Zdaniem Sądu wskazane powyżej okoliczności przemawiają za tym, że w wyniku zdarzenia drogowego z dnia 2 lipca 2014 r. powódka poniosła krzywdę w rozumieniu art. 445 k.c., którą winien jej pozwany zrekompensować. Sąd ustalił, że kwotą „odpowiednią” do czasu trwania dolegliwości, ich nasilenia, wpływu wypadku na tryb życia powódki, długotrwałości cierpień psychicznych i fizycznych będzie kwota 2.500 zł. Jednocześnie Sąd przyjął, że powódce należą się odsetki od dnia 29 marca 2015r. M. K. (2) odebrał wezwanie do zapłaty w dniu 18 marca 2015., S. J. (2) wezwała go do zapłaty zadośćuczynienia w terminie 10 dni od dnia otrzymania wezwania. W związku z tym Sąd orzekł jak w punkcie I i II wyroku.

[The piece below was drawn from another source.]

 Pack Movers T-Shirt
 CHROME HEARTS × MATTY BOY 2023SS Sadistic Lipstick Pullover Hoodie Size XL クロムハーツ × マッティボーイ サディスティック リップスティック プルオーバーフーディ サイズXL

Powódka i pozwany wygrali sprawę po połowie.

Sąd zasądził od pozwanego na rzecz powódki kwotę 841,82 zł, co stanowi połowę kosztów poniesionych przez nią w związku z postępowaniem toczącym się przed tutejszym Sądem. Na kwotę tę składają się: 125 zł (1/2 opłaty od pozwu), 250 zł tytułem połowy uiszczonej zaliczki na poczet biegłego sądowego z zakresu rzeczoznawstwa samochodowego i rekonstrukcji wypadków drogowych, 216,82 zł tytułem połowy wynagrodzenia biegłego sądowego lekarza neurologa, 300 zł tytułem połowy zwrotu kosztów zastępstwa procesowego.

W punkcie IV wyroku nieuiszczonymi w sprawie wydatkami Sąd obciążył Skarb Państwa – Sąd Rejonowy w Toruniu.